Explaining the Great Divergence means explaining the emergence of modern economic growth i.e. a substantial and above all sustained increase of GDP per capita in real terms. In my view such growth can only be ‘Schumpeterian’, i.e. driven by permanent innovation in products and production and by increased productivity. Unless they are combined with innovation, which is not an automatic result of ‘the rise of the market’, of ‘capital-accumulation’ or ‘industriousness’, all other sorts of growth tend to peter out via decreasing returns. Modern economic growth presupposes the emergence and continued existence of an innovative economy in an innovative society and was up until now realized via a permanent increase in productivity based on breakthrough innovations in the field of energy use, technology and institutions. In the eighteenth and nineteenth centuries such an economy and society first emerged in Great Britain, primarily via industrialization, which was based on an energy-intensive, capital-intensive and labour-extensive mode of production.
In my presentation I will try and show that the emergence of this mode of production in Britain and to a lesser extent the rest of the West was a fairly ‘logical’ continuation of a developmental path that had existed there already for quite some time and that was absent in China.
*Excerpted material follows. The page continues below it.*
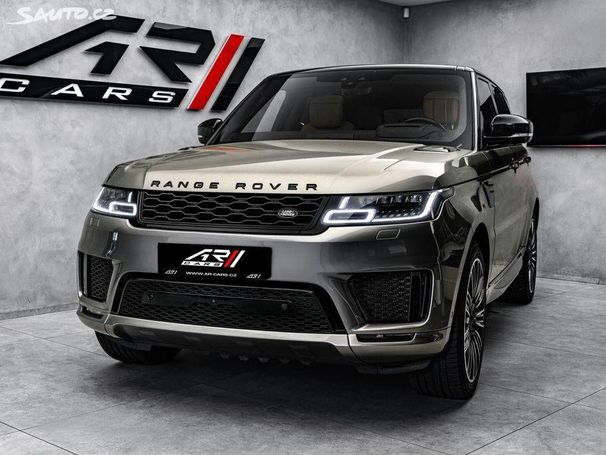 Land Rover Range Rover Sport Dynamic 386 kW image number 1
The economies and societies of Britain and China had been on very different trajectories for several centuries. I clearly reject the ‘surprising resemblances thesis’ of Pomeranz and other members of the California School and will indicate why I not convinced that China’s economy will catch up with the West. I doing so I will pay ample attention to the importance of the ‘institution of institutions’ i.e. the state for innovation and for growth more in general in both of the regions discussed.